(Available data Opens)
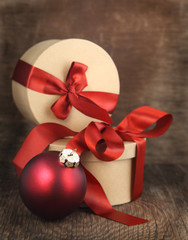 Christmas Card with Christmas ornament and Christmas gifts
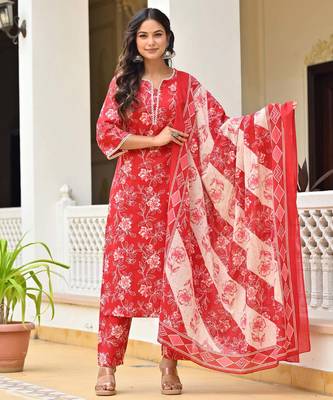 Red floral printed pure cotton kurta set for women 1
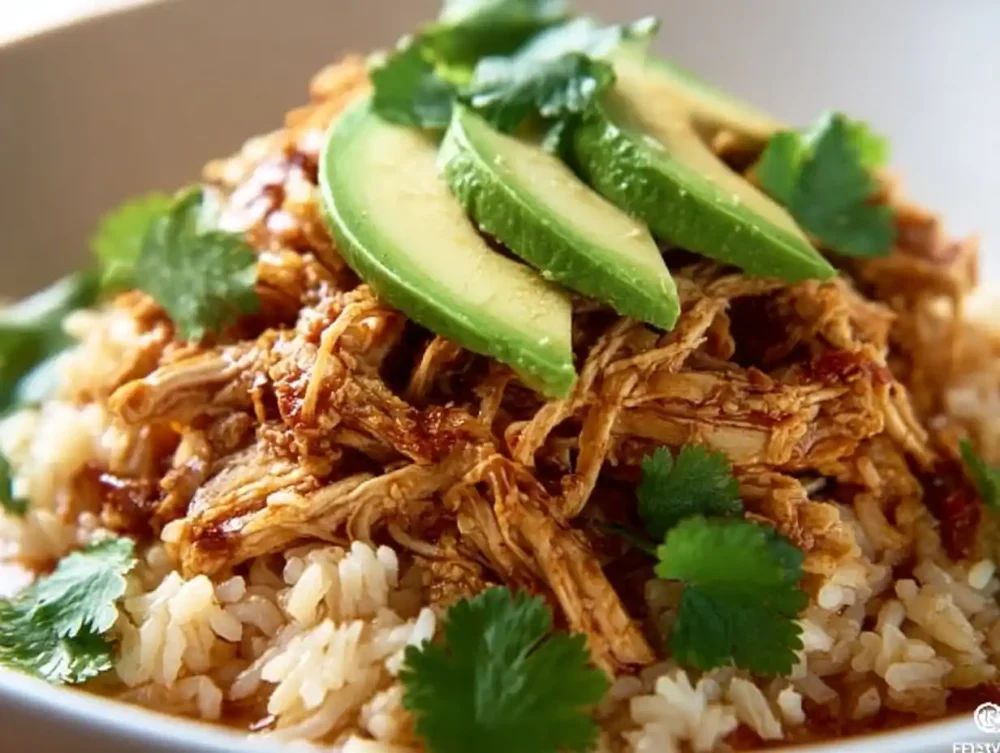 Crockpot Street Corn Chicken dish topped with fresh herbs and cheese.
(Available data Closes)
— Problem statement —
Your task is to repeat the listing exactly while omitting its pictures.

— Reply —
 Christmas Card with Christmas ornament and Christmas gifts
 Red floral printed pure cotton kurta set for women 1
 Crockpot Street Corn Chicken dish topped with fresh herbs and cheese.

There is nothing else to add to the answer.